JOSÉ EDUARDO NASCIMENTO

O constrangimento explicitado no discurso que o ministro Beni Veras, do Planejamento, proferiu em cadeia nacional no último dia 6 merece sérias reflexões.
Referia-se o ministro, em sua exposição, ao crescimento da taxa de mortalidade infantil nas áreas mais pobres do Nordeste, conforme dados de responsabilidade da Pastoral da Criança que apontam um aumento de 30% dessa taxa, nas referidas áreas, no primeiro trimestre de 94 em relação a igual período do ano passado.
E deve ser acrescentado que se a taxa é assustadora, piores são os números absolutos dos quais ela foi extraída: 174 óbitos por 1.000 crianças com menos de um ano de idade.
Entre as reflexões que o constrangimento/denúncia do ministro estimula cabe breve avaliação do que tem sido feito e sobretudo do que precisa ser feito para que se possa atacar, com eficiência, uma das causas centrais da mortalidade infantil, bem como do cólera, da dengue e outras calamidades do gênero: o déficit e a crise crescente dos serviços de saneamento básico no Nordeste e nas demais regiões, inclusive no Sudeste.
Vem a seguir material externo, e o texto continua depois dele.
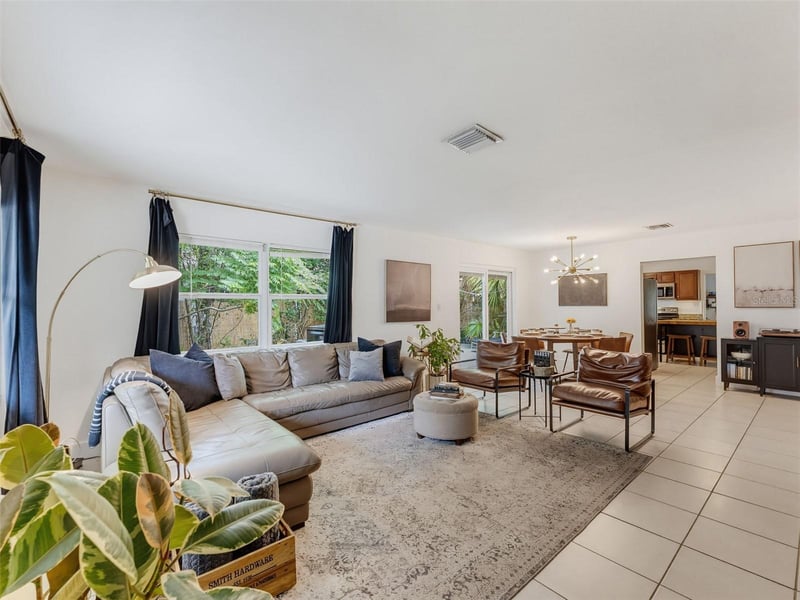 5704 13th St, Zephyrhills, FL 33542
Primeiro, deve ser dito que o que está sendo feito é praticamente nada, desde que cessaram os benefícios do Planasa (Plano Nacional de Saneamento Básico).
Este plano foi responsável pela aplicação de mais de US$ 10 bilhões em programas de abastecimento de água e tratamento de esgotos, ao longo dos anos 70 e nos primeiros anos da década de 80.
Desde então, de um lado veio decaindo progressivamente a capacidade de financiamento do governo e, de outro, reduzindo-se o montante de recursos recebidos de agências internacionais.
Em consequência, os investimentos no setor não atendem sequer às necessidades do crescimento vegetativo da população. Em todas as regiões do país.
Até empresas estaduais como a Sabesp, que executou importantes projetos na fase áurea do Planasa, vive hoje sufocada de problemas, operando com uma taxa terceiro-mundista de desperdício, impotente para expandir e modernizar seus serviços e gastando significativamente com o custeio. Imagine-se qual a situação de outras companhias estaduais.
O mais grave nessa reflexão, porém, são as resistências às soluções fundamentais que a crise da política (ou da falta de política) de saneamento exige.
Essas soluções envolvem uma corajosa mudança do padrão de financiamento, através de processo de concessão e terceirização das obras e serviços do setor a investidores e gestores privados, processos esses recomendados pelas próprias agências internacionais, como o Banco Mundial e o BID.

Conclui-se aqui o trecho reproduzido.